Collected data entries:
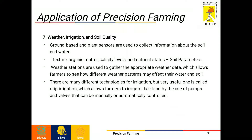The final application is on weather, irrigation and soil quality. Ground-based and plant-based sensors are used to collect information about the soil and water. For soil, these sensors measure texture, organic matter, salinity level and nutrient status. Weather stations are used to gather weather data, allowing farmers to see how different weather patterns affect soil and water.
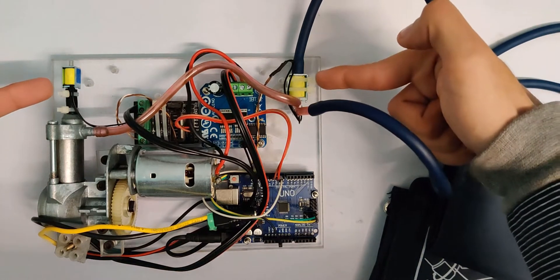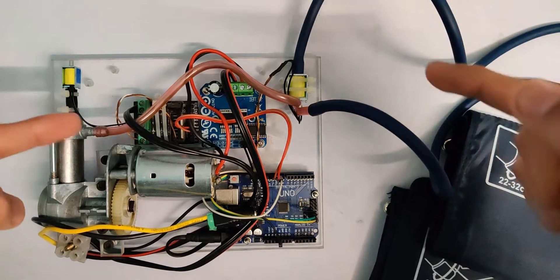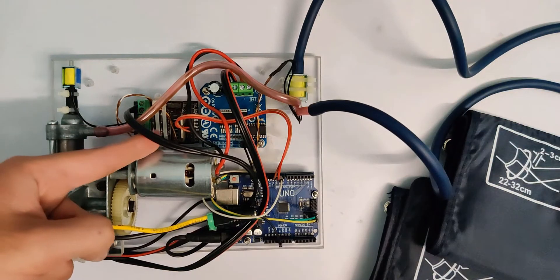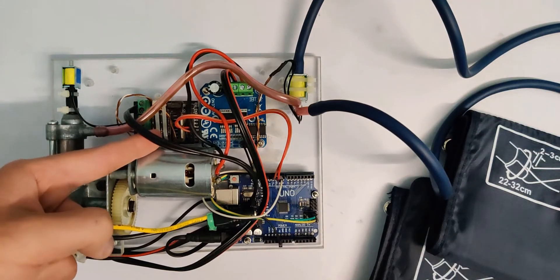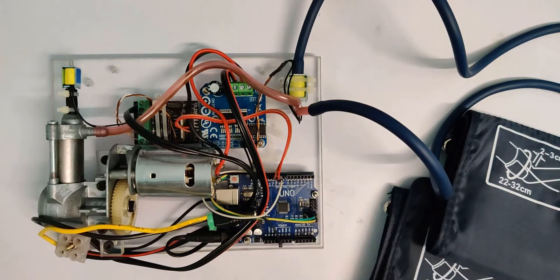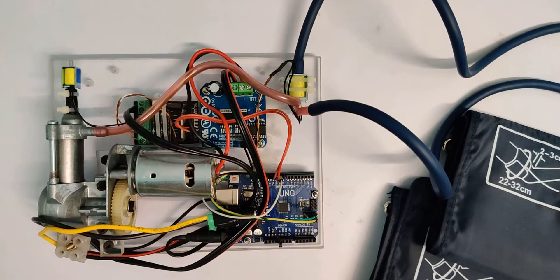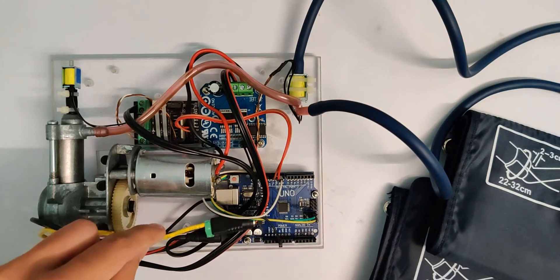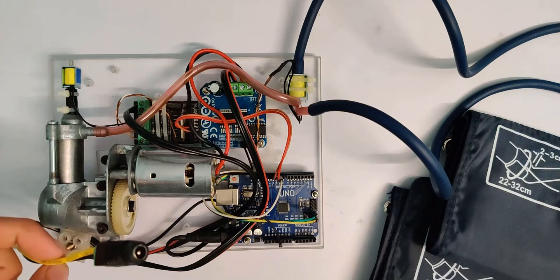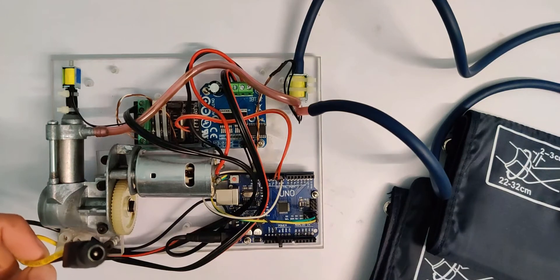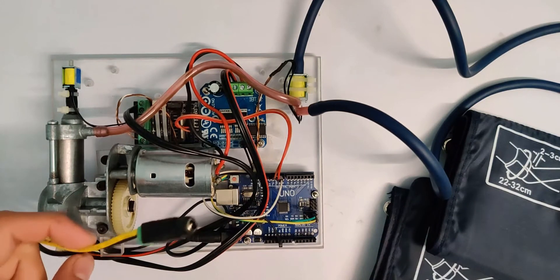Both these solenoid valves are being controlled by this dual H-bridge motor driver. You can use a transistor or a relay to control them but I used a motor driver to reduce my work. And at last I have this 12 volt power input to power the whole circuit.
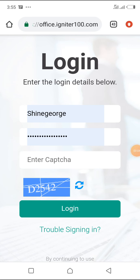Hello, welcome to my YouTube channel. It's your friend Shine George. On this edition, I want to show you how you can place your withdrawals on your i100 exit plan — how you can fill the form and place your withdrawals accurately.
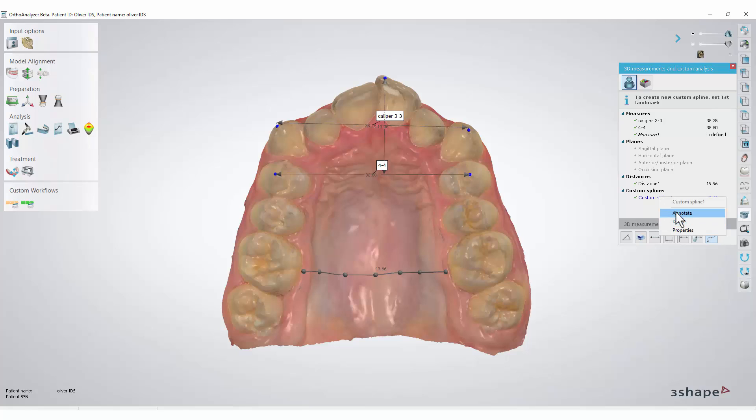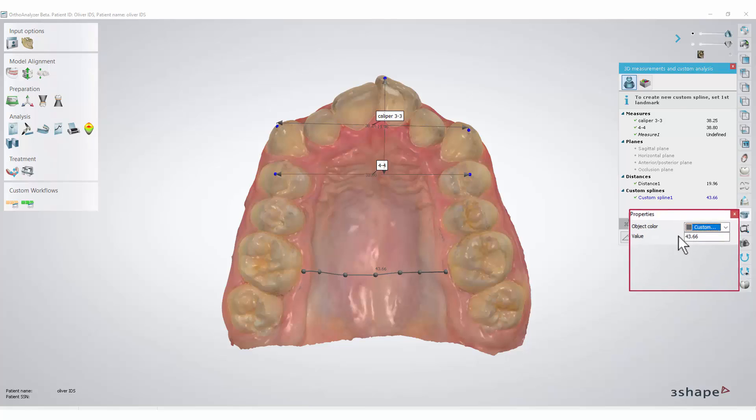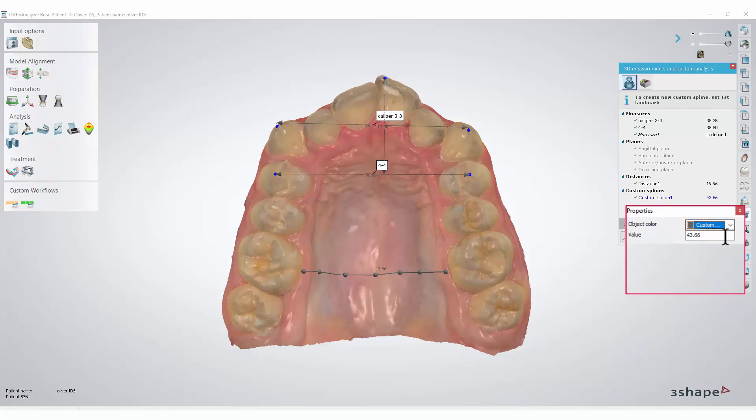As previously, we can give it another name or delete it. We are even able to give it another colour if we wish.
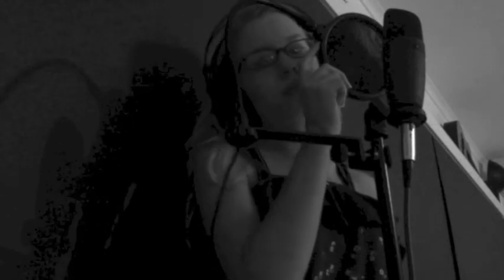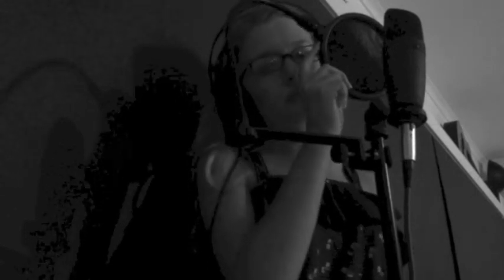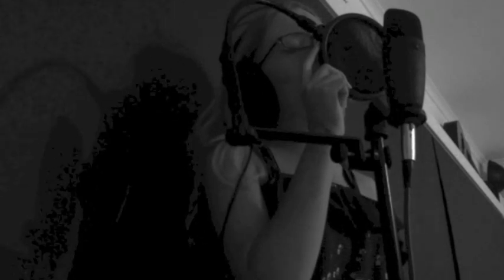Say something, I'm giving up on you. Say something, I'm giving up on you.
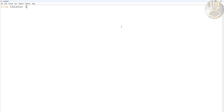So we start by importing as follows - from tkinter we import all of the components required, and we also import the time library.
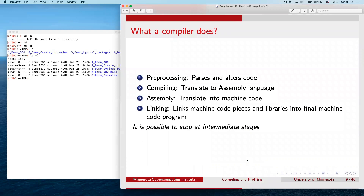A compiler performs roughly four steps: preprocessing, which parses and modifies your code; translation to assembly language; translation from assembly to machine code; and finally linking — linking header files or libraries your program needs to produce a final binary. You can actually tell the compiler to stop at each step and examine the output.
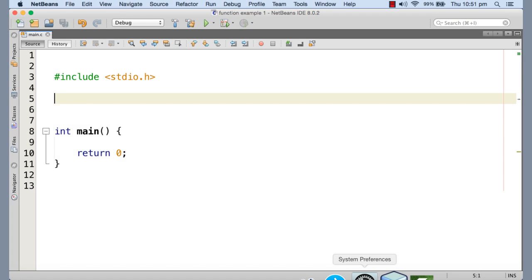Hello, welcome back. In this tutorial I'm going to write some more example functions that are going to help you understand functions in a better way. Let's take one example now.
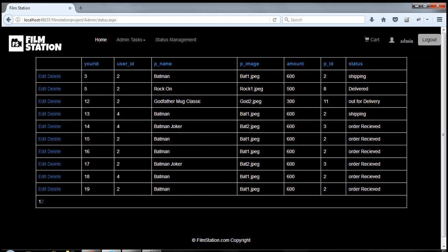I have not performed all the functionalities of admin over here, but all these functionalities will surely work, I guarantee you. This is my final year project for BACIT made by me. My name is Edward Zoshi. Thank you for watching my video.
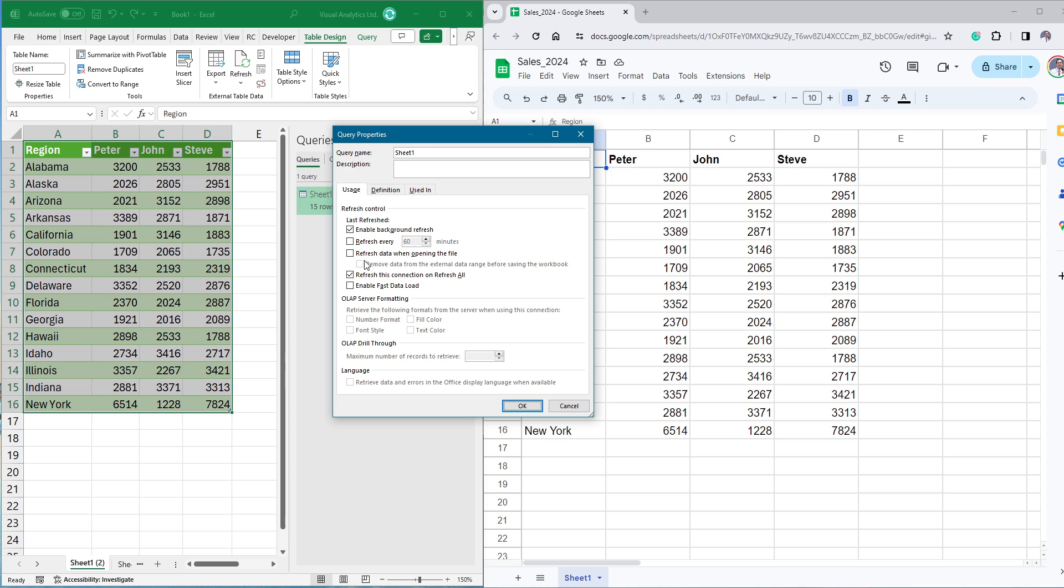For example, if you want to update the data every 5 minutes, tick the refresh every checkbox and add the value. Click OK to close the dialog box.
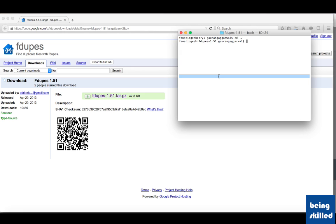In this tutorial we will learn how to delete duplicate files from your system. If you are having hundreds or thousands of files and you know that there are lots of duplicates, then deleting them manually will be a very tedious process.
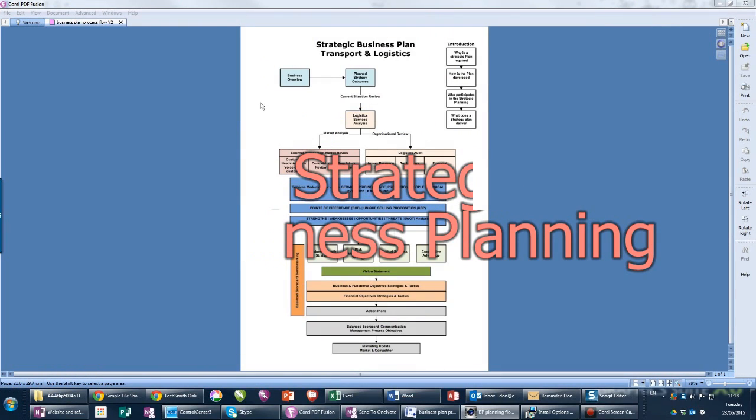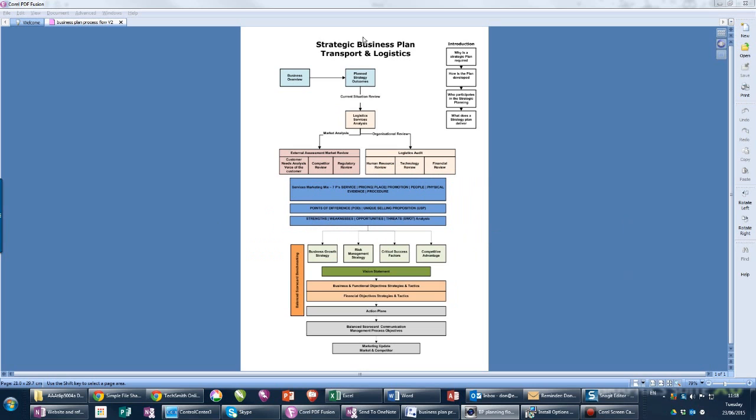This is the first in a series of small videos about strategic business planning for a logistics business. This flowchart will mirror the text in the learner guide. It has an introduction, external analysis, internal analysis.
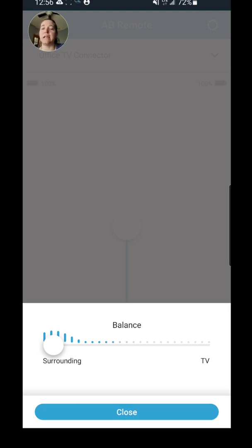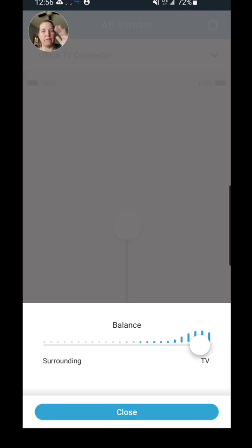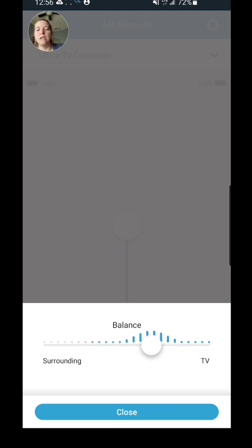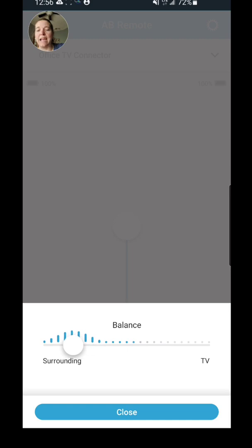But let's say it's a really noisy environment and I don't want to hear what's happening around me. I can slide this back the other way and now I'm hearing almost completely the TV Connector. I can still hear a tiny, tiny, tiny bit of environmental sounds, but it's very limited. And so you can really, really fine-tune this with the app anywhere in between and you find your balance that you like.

- [Instructions for the task]: For this exercise, return exactly the lines above from the line with "I have not performed" through the line with "For example, if", both included. Do not copy the pictures.

- [Exercise solution]:
I have not performed all the functionalities of admin over here, but all these functionalities will surely work, I guarantee you. This is my final year project for BACIT made by me. My name is Edward Zoshi. Thank you for watching my video.
For example, if you want to update the data every 5 minutes, tick the refresh every checkbox and add the value. Click OK to close the dialog box.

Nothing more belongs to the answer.